Было установлено, что так называемая «мелкая кража», независимо от её размеров, совершённая на предприятии или в учреждении, карается тюремным заключением сроком на один год, если она по своему характеру не влечёт за собой по закону более тяжкого наказания.

     Помню, как в голодные военные годы мы с мамой бродили по уже чисто убранному колхозом картофельному полю.  Взяли с собой лопату, чтобы покопаться в земле и найти то, что случайно осталось  в ней.  Не тут-то было: внезапно появившийся конный колхозник с отборным матом прогнал нас с поля, не преминув отнять у нас  лопату – прямую улику покушения на общественную собственность. Конный объездчик пояснил, что поле будут перепахивать, чтобы собрать оставшиеся в земле клубни. В общем, мы ещё легко  отделались.

     Поле до самых заморозков так и не перепахали.  Ранней весной мы выкапывали из-под земли полусгнившие светло-коричневые мякиши картошки и дома пекли из них оладьи. Многие, называли их «тошнотиками», Но это было существенным подспорьем к нашей норме хлеба по карточкам.
 
   По большому счёту, вспоминая голодное детство,  я очень хорошо понимаю сегодняшних мелких воришек и халявщиков.  Одно дело быть в истинной  нужде и другое дело задарма прихватить себе лишнее, не принадлежащее тебе.

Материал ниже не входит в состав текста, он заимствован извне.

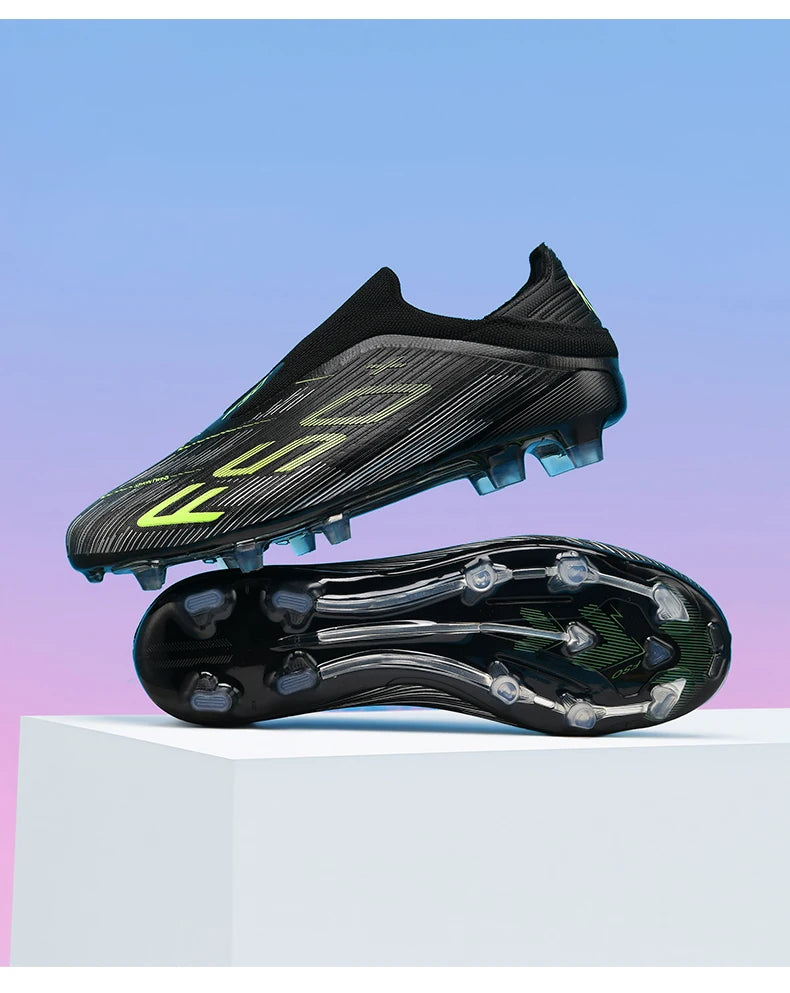 New Men's Football Boots Non Slip Comfortable Soccer Shoes Turf Ultralight Fg Grass Cleats Futsal Sport Indoor Adult Non-Slip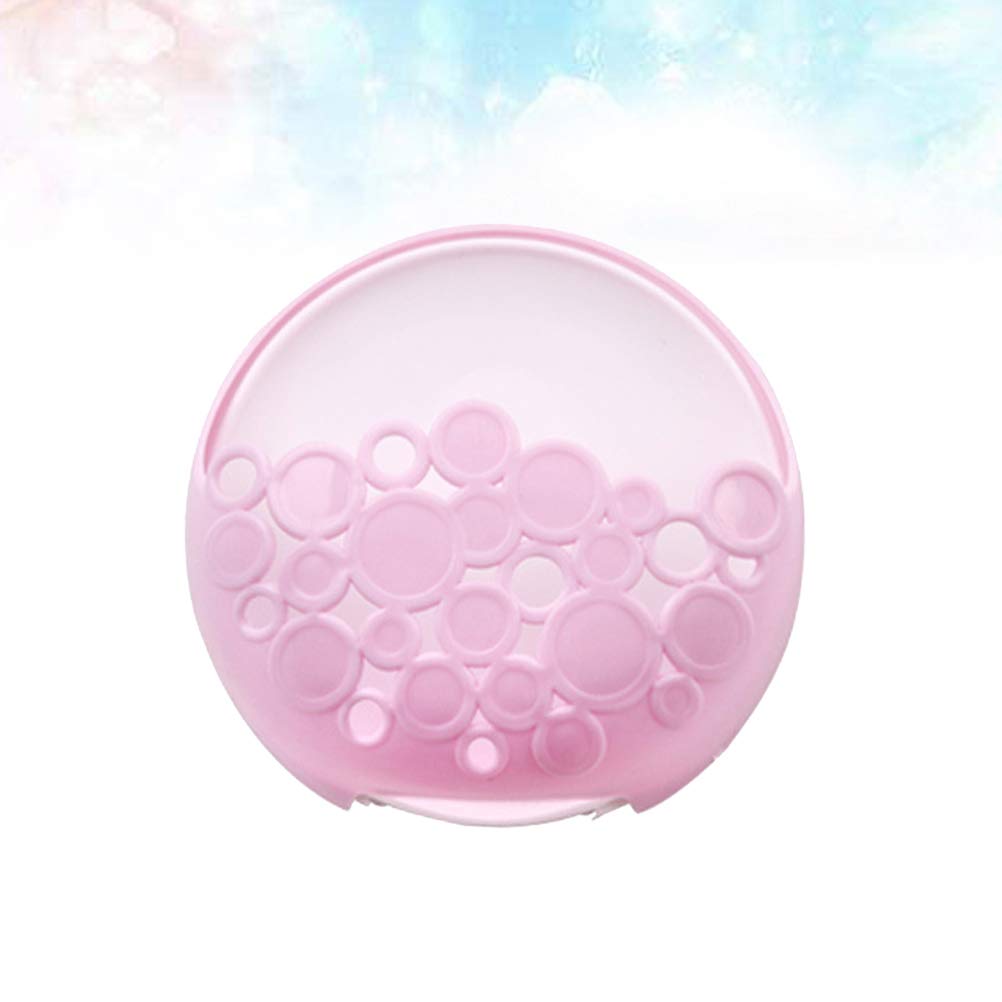 Cabilock Soap Dish Holder with Strong Suction Cup - Bar Soap Dispenser for Shower, Bathroom, Kitchen Sink - Non-Slip Soap Saver Tray (Pink) - Perfect for Organizing Soap in Wet Areas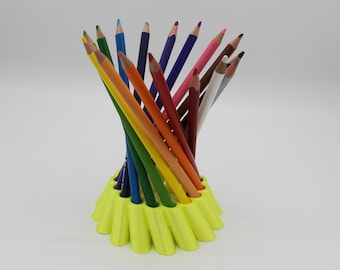 Spiral Pencil Pot | Pencil Holder | Pen Pot | | Desk Organisation | Fun Design | Art Products and Supplies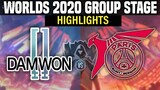 DWG vs PSG Highlight Chung Kết Thế Giới 2020 Vòng Bảng Ngày 3 | DAMWON vs PSG Talon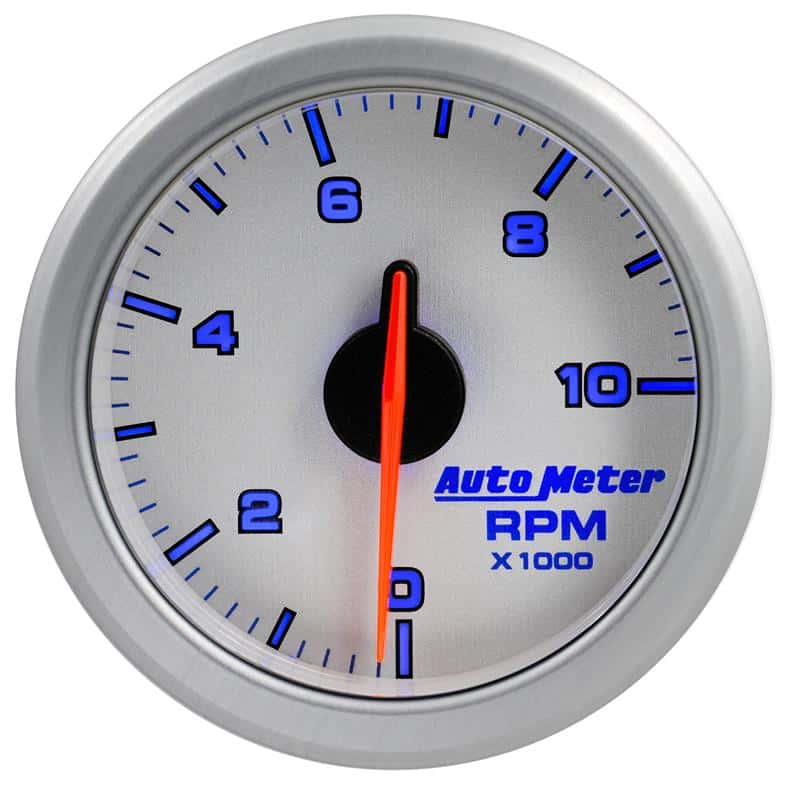 AutoMeter — Autometer Airdrive 2-1/6in Tachometer Gauge 0-10K RMP - Silver
GA 2" 10KRPM ARDRV S - view 6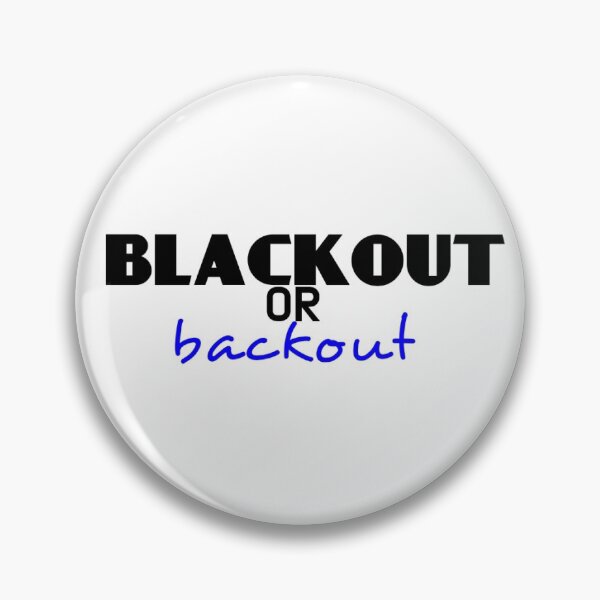 Item preview, Blackout or backout sticker designed and sold by bellamarie803.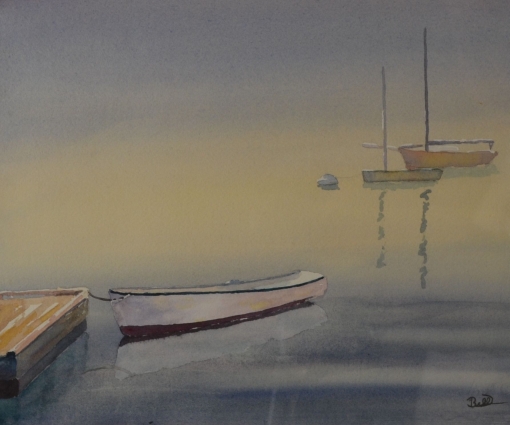 Skiff at Rest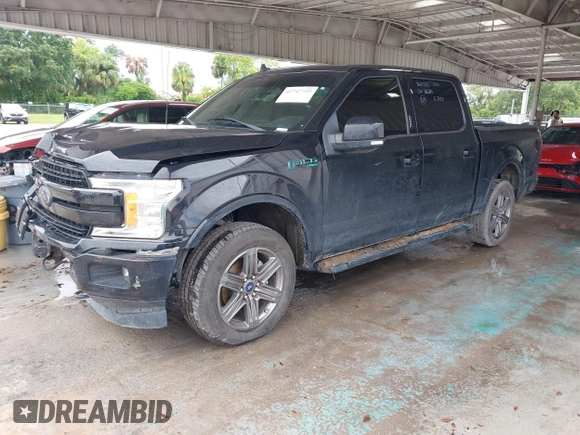 2020 Ford F-150 XL with VIN 1FTEW1EP1LFA66865, listed as a IAAI auction lot 42747722 with 94,136 mi miles and . Bid and sale history available at DreamBid. Image 2.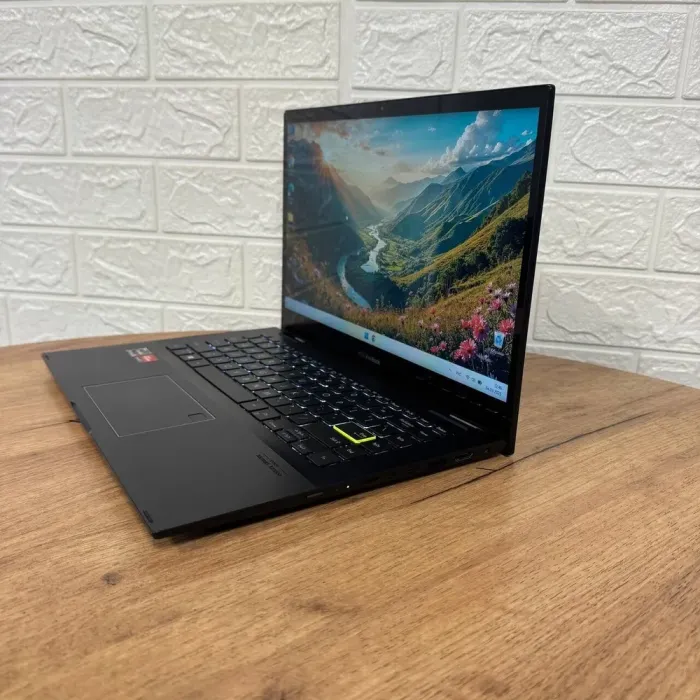 Ультрабук-трансформер Б-клас Asus VivoBook Flip 14 TM420UA / 14" (1920x1080) IPS Touch / AMD Ryzen 7 5700U (8 (16) ядер по 1.8 - 4.3 GHz) / 8 GB DDR4 / 256 GB SSD NVMe / AMD Radeon Vega Graphics / WebCam б/в - зображення 5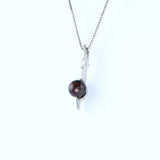 18KT WHITE GOLD LADIES PENDANT (PE0001505)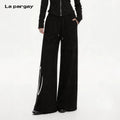 Lapargay High-Waist Drawstring Wide-Leg Pants Conceals Fat and Shows Slimness Side Graphic Print L75202806V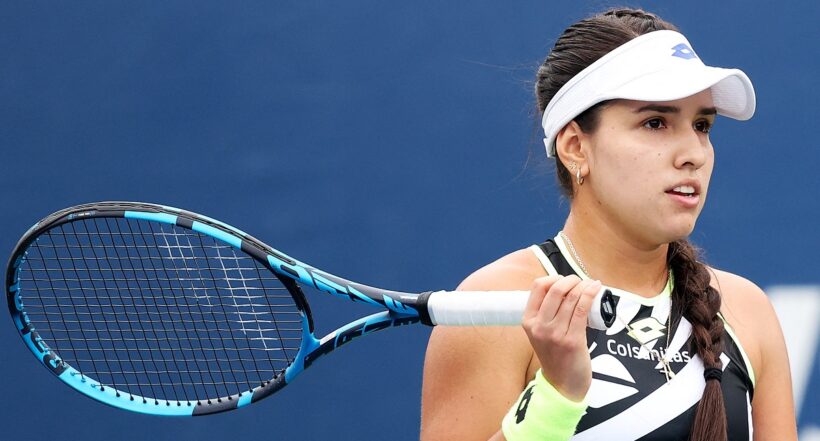 María Camila Osorio, que cayó en debut ante Naomi Osaka en el Abierto de Australia.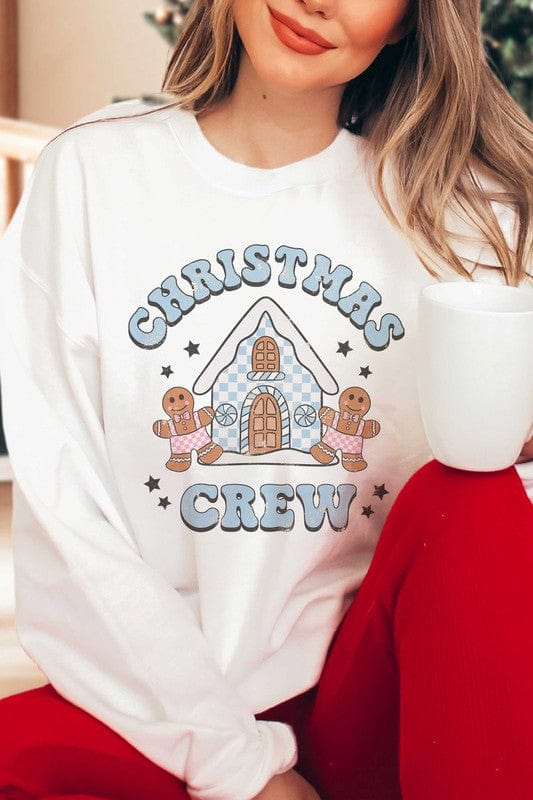 CHRISTMAS CREW GINGERBREAD COOKIES SWEATSHIRT BLUME AND CO. WHITE / S 2000001044650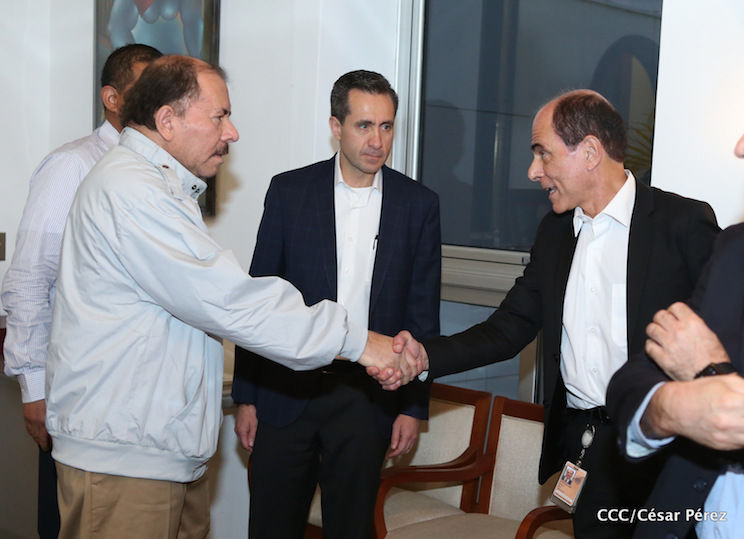 Presidente Daniel se re&uacute;ne con Jorge Familiar, Vicepresidente del Banco Mundial para Am&eacute;rica Latina y el Caribe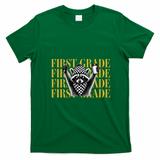 1st First Grade Raccoon Back To School T-Shirt - Irish Green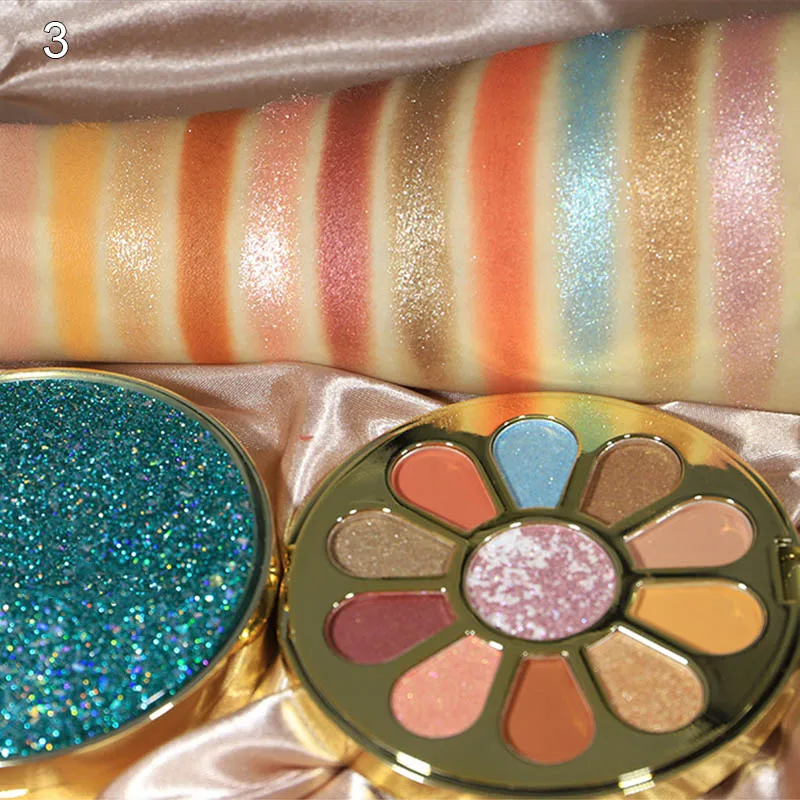 

Blingbling Quicksand Eyeshadow Palette Pigment Glitter Matte Powder Makeup Tool JIU55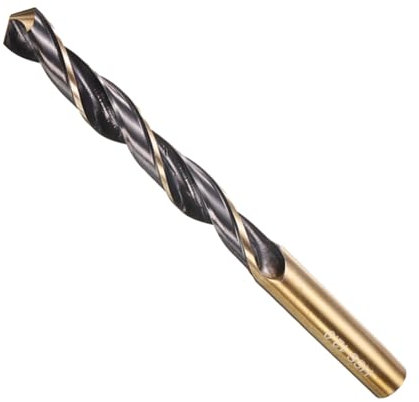 METALLIXITY Drill Bit (12mm) 1Pcs, 4341 High-Speed Steel Straight Shank 118° Black and Gold Finish for Copper Aluminum Wood Plastic Medium Hard Metal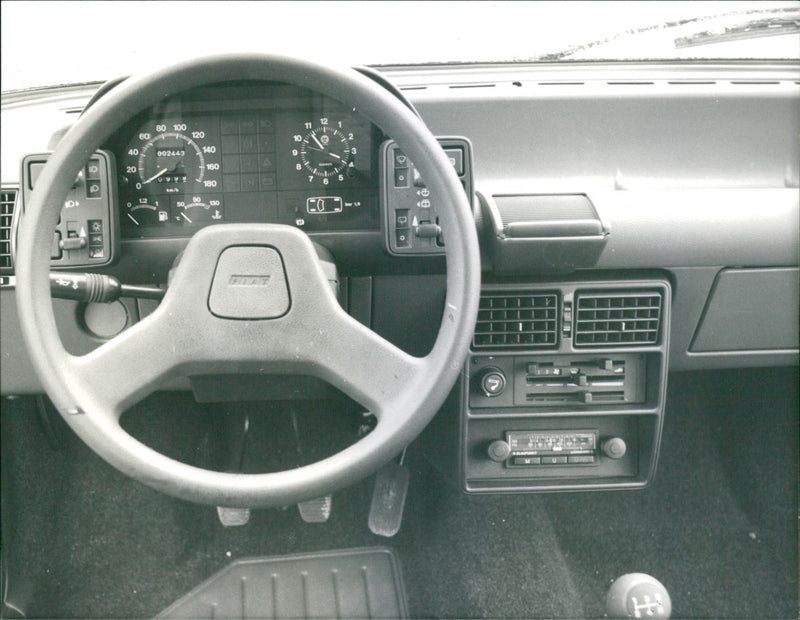 Dashboard of Fiat Uno - Vintage Photograph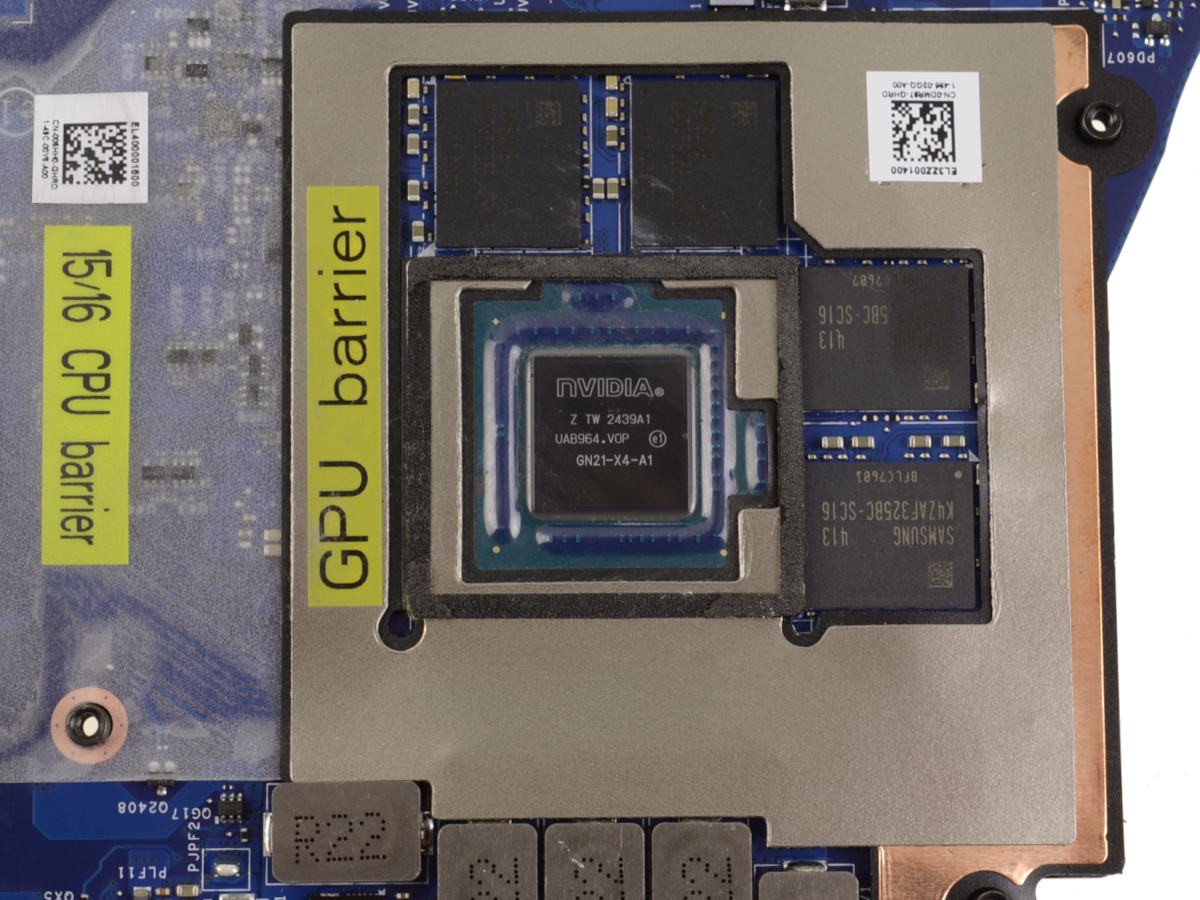 Tarjeta madre/Motherboard N/P: 796RN G16 7630; G15 5530 Intel i9 13900HX; 5.4GHz; LA-M531P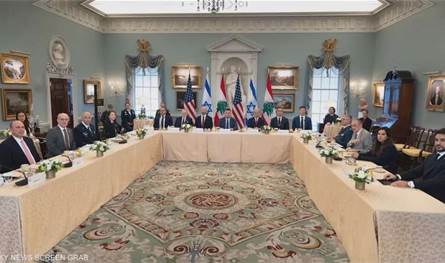 اعلان مفاوضات واشنطن : يُشترط لبدء سريان وقف إطلاق النار التوقف الكامل لنيران حزب الله وإخلاء جميع عناصره من جنوب الليطاني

      Мелкое воровство, несуны и халява, прежде всего, явления социальные.  Как говорят французы – C est la vi.  Когда начинают бороться с какой-нибудь проблемой, наталкиваются на другие, связанные с ней.  О любом простом вопросе принято говорить: комплекс проблем.
      
      Не призываю возврата к драконовским мерам сталинской эпохи за мелкое воровство общественного и государственного имущества.  Но что-то делать  надо.  Как ни грустно всё это, надо об этом говорить, писать, рисовать карикатуры, загружать  интернет, показывать по телевидению…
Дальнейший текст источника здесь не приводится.